» YOUR GOAL: Leave every image behind and restate the data word for word.

» STORED DATA:
=== Begin Enclosure ===
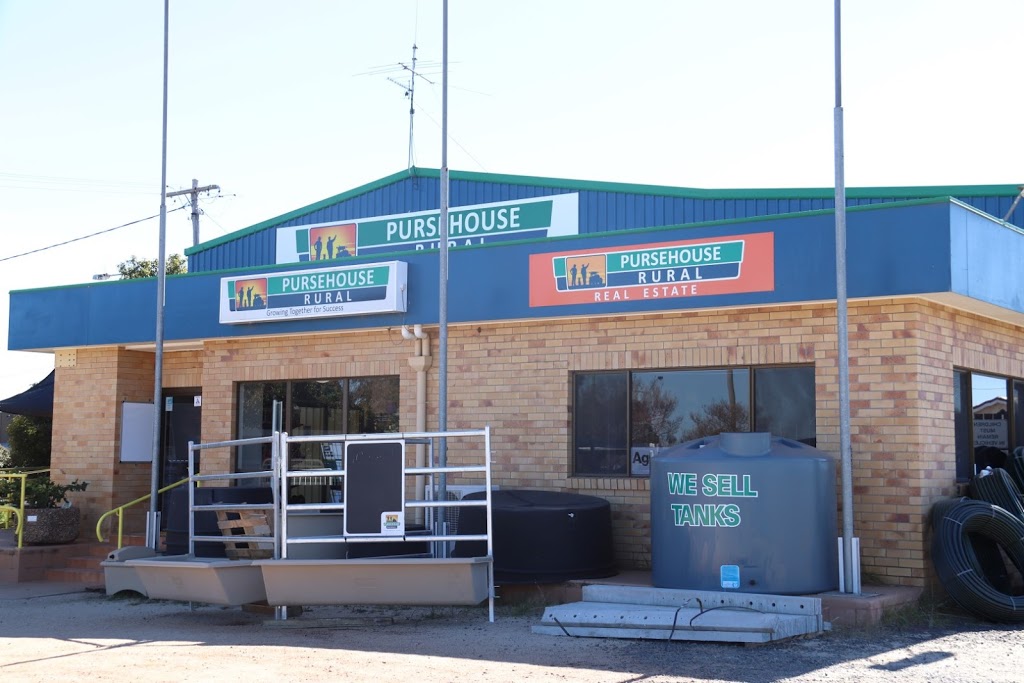 Pursehouse Rural Clifton | 58 King St, Clifton QLD 4361, Australia | Phone: (07) 4612 4800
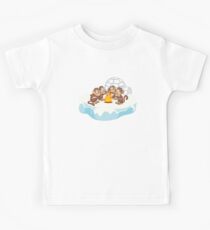 Artic Monkeys Kids T-Shirt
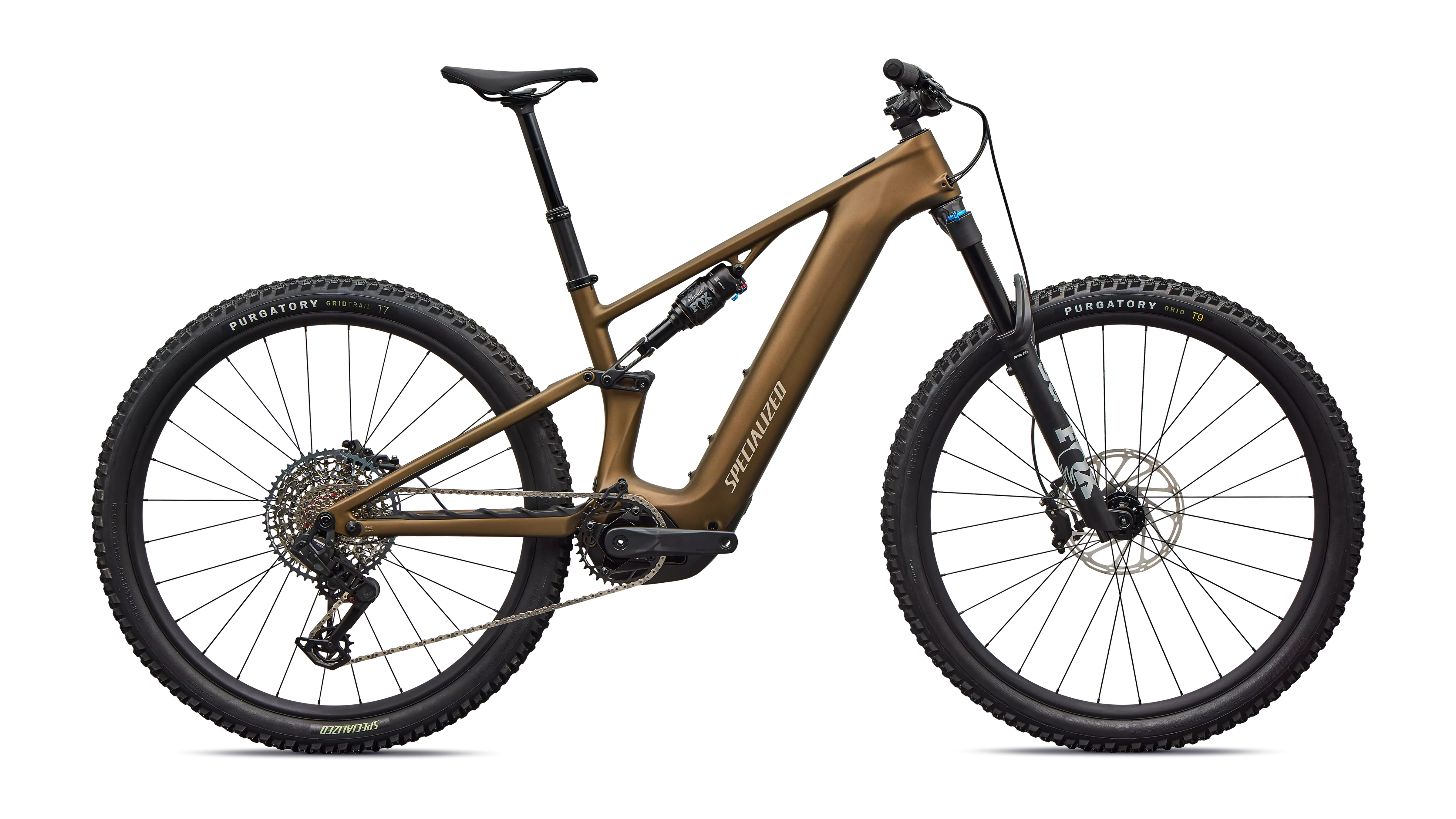 SPECIALIZED - Turbo Levo R Comp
=== End Enclosure ===
» EXERCISE SOLUTION:
 Pursehouse Rural Clifton | 58 King St, Clifton QLD 4361, Australia | Phone: (07) 4612 4800
 Artic Monkeys Kids T-Shirt
 SPECIALIZED - Turbo Levo R Comp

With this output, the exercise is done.